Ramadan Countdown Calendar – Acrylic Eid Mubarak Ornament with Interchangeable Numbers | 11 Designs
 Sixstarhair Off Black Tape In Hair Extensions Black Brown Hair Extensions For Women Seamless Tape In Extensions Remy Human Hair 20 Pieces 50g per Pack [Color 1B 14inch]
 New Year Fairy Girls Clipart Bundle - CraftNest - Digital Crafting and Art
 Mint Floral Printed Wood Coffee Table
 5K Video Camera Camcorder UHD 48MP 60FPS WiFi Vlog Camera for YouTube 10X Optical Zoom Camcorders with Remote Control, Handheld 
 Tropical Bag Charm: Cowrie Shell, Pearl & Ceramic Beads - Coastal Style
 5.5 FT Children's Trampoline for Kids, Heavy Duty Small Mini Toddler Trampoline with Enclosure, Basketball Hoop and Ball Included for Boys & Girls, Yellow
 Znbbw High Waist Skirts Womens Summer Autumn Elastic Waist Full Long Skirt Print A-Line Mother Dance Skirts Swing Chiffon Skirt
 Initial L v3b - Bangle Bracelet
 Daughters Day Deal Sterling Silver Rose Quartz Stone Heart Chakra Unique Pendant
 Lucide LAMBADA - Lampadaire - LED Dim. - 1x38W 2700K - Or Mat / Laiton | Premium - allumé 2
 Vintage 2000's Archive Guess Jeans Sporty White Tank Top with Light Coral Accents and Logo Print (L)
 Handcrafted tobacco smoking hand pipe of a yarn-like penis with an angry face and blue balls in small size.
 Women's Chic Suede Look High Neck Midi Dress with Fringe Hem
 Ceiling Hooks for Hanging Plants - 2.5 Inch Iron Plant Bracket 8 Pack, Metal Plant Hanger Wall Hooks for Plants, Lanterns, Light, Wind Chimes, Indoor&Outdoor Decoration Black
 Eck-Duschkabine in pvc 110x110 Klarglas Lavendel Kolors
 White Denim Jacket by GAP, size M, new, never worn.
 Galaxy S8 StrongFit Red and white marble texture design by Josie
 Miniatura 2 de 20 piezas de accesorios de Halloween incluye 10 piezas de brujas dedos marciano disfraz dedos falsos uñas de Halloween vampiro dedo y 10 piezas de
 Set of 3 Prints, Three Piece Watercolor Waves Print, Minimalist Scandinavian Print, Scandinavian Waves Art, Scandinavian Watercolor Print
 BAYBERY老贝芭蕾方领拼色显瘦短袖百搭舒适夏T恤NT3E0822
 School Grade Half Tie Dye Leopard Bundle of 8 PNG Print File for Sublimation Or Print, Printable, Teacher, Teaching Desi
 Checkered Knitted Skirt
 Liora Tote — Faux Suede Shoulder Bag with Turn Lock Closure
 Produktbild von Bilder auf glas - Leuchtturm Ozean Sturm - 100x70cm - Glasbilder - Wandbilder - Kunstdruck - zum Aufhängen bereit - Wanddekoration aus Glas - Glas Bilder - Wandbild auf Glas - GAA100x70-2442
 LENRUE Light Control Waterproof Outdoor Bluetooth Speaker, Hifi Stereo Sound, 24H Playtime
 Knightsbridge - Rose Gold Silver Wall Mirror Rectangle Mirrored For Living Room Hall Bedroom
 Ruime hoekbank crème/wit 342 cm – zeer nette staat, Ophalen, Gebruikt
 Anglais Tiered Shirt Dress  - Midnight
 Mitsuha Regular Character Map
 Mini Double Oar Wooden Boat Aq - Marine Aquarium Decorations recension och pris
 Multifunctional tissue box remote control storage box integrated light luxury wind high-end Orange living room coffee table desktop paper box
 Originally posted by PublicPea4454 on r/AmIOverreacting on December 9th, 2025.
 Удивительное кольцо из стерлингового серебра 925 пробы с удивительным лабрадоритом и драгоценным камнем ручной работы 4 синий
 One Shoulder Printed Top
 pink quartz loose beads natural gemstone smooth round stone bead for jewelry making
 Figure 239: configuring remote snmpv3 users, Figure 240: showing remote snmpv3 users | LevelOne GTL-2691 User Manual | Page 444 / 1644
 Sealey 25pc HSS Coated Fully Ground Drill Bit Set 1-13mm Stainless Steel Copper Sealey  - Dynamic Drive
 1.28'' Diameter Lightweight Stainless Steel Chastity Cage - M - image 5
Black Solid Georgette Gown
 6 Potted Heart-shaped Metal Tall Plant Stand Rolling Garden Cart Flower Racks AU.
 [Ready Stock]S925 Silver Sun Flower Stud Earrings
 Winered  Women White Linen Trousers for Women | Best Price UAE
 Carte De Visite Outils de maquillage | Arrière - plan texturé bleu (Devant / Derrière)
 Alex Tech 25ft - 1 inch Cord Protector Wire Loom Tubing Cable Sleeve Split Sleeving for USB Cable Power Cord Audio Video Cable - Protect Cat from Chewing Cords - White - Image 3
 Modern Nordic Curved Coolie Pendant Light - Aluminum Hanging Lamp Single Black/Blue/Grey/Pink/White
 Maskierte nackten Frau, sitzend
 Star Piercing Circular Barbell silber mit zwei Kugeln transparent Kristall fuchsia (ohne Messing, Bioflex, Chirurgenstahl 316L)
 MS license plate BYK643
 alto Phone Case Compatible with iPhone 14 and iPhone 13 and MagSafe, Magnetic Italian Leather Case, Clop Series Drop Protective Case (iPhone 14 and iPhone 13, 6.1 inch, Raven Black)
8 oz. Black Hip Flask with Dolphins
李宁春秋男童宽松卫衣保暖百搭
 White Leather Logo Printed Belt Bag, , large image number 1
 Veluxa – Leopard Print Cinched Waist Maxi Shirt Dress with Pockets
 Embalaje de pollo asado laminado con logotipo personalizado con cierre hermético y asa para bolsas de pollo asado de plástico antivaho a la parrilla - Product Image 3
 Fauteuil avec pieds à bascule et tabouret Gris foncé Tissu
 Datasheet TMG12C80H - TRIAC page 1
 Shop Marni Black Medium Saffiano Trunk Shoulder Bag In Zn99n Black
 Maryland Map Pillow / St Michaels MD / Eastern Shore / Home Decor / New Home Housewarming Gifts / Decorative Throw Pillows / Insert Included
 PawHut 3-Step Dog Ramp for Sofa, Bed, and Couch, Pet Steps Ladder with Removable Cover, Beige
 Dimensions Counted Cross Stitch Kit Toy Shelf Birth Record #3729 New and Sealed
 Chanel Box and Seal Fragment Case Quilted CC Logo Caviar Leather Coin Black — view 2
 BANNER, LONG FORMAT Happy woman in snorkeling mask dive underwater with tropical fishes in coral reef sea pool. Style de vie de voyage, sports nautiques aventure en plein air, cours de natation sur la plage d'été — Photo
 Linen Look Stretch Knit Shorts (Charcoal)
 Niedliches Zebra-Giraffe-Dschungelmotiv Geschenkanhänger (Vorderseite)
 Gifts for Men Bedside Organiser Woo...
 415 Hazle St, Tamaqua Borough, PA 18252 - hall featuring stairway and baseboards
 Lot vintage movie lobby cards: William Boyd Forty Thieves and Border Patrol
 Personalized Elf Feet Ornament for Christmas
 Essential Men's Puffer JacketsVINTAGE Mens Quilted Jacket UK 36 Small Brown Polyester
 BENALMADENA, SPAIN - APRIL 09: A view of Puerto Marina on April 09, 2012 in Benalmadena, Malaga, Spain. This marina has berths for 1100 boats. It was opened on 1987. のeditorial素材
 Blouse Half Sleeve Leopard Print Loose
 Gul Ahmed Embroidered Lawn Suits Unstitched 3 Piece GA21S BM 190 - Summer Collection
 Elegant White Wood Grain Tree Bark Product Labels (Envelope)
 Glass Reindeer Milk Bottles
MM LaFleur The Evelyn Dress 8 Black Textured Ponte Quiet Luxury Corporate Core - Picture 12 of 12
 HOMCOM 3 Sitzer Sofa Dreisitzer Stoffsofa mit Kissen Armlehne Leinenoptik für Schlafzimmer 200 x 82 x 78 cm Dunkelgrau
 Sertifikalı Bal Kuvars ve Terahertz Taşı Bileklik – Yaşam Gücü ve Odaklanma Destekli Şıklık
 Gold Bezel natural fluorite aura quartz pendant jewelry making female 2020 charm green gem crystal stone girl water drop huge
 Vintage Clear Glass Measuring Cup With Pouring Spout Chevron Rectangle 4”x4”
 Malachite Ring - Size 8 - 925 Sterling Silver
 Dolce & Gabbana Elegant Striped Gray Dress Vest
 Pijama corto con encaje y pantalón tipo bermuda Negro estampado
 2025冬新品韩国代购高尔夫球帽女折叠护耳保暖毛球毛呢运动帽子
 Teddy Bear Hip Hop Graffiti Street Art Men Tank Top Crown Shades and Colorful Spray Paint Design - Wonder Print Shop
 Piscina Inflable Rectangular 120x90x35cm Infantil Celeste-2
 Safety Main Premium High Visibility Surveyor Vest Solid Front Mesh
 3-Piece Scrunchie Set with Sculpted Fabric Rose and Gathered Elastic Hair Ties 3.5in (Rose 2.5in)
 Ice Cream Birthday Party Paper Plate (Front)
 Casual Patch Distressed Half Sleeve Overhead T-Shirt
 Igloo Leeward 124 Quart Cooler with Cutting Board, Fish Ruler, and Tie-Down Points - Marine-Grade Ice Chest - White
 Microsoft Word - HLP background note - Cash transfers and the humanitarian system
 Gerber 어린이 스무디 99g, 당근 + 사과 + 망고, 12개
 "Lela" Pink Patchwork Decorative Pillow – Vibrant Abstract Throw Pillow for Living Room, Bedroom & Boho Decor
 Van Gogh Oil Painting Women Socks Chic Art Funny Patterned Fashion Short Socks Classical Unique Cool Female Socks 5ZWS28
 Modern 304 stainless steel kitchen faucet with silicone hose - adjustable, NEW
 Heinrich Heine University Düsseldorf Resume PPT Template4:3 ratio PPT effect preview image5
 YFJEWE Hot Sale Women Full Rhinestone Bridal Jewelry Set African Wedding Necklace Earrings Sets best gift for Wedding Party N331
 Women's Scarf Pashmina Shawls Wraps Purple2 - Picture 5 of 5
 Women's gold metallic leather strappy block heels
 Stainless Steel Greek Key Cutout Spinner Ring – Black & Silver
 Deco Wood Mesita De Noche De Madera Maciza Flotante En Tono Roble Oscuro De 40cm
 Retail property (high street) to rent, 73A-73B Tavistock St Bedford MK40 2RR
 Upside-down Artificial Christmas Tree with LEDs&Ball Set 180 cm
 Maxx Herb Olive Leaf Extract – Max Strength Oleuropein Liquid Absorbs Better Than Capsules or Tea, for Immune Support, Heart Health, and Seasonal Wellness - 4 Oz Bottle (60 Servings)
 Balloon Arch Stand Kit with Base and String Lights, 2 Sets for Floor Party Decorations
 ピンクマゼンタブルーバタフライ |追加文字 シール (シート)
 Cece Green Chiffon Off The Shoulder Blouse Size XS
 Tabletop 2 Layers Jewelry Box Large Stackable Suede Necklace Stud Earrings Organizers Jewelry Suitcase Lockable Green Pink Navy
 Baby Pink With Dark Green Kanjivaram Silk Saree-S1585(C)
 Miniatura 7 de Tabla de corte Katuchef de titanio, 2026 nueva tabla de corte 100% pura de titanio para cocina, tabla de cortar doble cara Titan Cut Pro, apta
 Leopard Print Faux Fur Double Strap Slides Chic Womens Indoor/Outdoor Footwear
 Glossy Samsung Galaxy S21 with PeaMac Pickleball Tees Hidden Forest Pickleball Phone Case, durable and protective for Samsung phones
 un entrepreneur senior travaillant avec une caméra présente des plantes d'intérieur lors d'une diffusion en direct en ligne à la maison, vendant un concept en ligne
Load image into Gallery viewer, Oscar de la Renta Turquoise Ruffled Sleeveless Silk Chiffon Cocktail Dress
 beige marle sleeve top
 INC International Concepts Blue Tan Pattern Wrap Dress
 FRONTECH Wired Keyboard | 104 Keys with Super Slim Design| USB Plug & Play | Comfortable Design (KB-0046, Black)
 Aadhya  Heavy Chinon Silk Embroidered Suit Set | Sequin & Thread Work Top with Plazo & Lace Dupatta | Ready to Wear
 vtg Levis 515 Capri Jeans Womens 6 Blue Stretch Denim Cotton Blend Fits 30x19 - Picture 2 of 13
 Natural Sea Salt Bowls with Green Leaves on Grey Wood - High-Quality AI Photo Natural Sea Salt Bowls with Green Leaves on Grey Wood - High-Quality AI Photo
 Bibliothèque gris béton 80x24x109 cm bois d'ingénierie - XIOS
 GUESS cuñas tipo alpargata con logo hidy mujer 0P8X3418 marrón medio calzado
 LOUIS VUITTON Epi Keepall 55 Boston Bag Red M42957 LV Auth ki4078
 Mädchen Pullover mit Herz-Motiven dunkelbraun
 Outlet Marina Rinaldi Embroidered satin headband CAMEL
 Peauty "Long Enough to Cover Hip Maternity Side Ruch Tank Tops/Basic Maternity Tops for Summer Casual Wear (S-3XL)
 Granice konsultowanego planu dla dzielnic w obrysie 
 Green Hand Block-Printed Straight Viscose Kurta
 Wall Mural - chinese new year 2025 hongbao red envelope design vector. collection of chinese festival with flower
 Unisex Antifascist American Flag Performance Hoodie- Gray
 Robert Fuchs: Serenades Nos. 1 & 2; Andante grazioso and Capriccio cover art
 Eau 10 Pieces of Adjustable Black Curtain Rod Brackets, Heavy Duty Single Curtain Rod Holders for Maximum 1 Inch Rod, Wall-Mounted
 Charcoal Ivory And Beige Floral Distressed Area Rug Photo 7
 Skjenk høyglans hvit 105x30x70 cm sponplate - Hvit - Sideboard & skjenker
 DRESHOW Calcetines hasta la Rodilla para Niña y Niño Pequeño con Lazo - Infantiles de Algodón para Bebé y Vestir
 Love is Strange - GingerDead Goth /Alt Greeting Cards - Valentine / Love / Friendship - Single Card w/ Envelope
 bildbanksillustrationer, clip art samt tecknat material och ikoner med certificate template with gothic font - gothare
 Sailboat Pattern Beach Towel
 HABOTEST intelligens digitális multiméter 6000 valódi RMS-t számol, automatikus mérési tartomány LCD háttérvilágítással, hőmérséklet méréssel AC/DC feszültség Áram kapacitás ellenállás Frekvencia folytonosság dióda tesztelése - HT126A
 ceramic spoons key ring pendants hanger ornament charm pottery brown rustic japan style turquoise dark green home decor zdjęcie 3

** Task description **
Send back the lines of the records word for word, from the very first through the line containing "BAYBERY老贝芭蕾方领拼色显瘦短袖百搭舒适夏T恤NT3E0822".

** Answer to the exercise **
Ramadan Countdown Calendar – Acrylic Eid Mubarak Ornament with Interchangeable Numbers | 11 Designs
 Sixstarhair Off Black Tape In Hair Extensions Black Brown Hair Extensions For Women Seamless Tape In Extensions Remy Human Hair 20 Pieces 50g per Pack [Color 1B 14inch]
 New Year Fairy Girls Clipart Bundle - CraftNest - Digital Crafting and Art
 Mint Floral Printed Wood Coffee Table
 5K Video Camera Camcorder UHD 48MP 60FPS WiFi Vlog Camera for YouTube 10X Optical Zoom Camcorders with Remote Control, Handheld 
 Tropical Bag Charm: Cowrie Shell, Pearl & Ceramic Beads - Coastal Style
 5.5 FT Children's Trampoline for Kids, Heavy Duty Small Mini Toddler Trampoline with Enclosure, Basketball Hoop and Ball Included for Boys & Girls, Yellow
 Znbbw High Waist Skirts Womens Summer Autumn Elastic Waist Full Long Skirt Print A-Line Mother Dance Skirts Swing Chiffon Skirt
 Initial L v3b - Bangle Bracelet
 Daughters Day Deal Sterling Silver Rose Quartz Stone Heart Chakra Unique Pendant
 Lucide LAMBADA - Lampadaire - LED Dim. - 1x38W 2700K - Or Mat / Laiton | Premium - allumé 2
 Vintage 2000's Archive Guess Jeans Sporty White Tank Top with Light Coral Accents and Logo Print (L)
 Handcrafted tobacco smoking hand pipe of a yarn-like penis with an angry face and blue balls in small size.
 Women's Chic Suede Look High Neck Midi Dress with Fringe Hem
 Ceiling Hooks for Hanging Plants - 2.5 Inch Iron Plant Bracket 8 Pack, Metal Plant Hanger Wall Hooks for Plants, Lanterns, Light, Wind Chimes, Indoor&Outdoor Decoration Black
 Eck-Duschkabine in pvc 110x110 Klarglas Lavendel Kolors
 White Denim Jacket by GAP, size M, new, never worn.
 Galaxy S8 StrongFit Red and white marble texture design by Josie
 Miniatura 2 de 20 piezas de accesorios de Halloween incluye 10 piezas de brujas dedos marciano disfraz dedos falsos uñas de Halloween vampiro dedo y 10 piezas de
 Set of 3 Prints, Three Piece Watercolor Waves Print, Minimalist Scandinavian Print, Scandinavian Waves Art, Scandinavian Watercolor Print
 BAYBERY老贝芭蕾方领拼色显瘦短袖百搭舒适夏T恤NT3E0822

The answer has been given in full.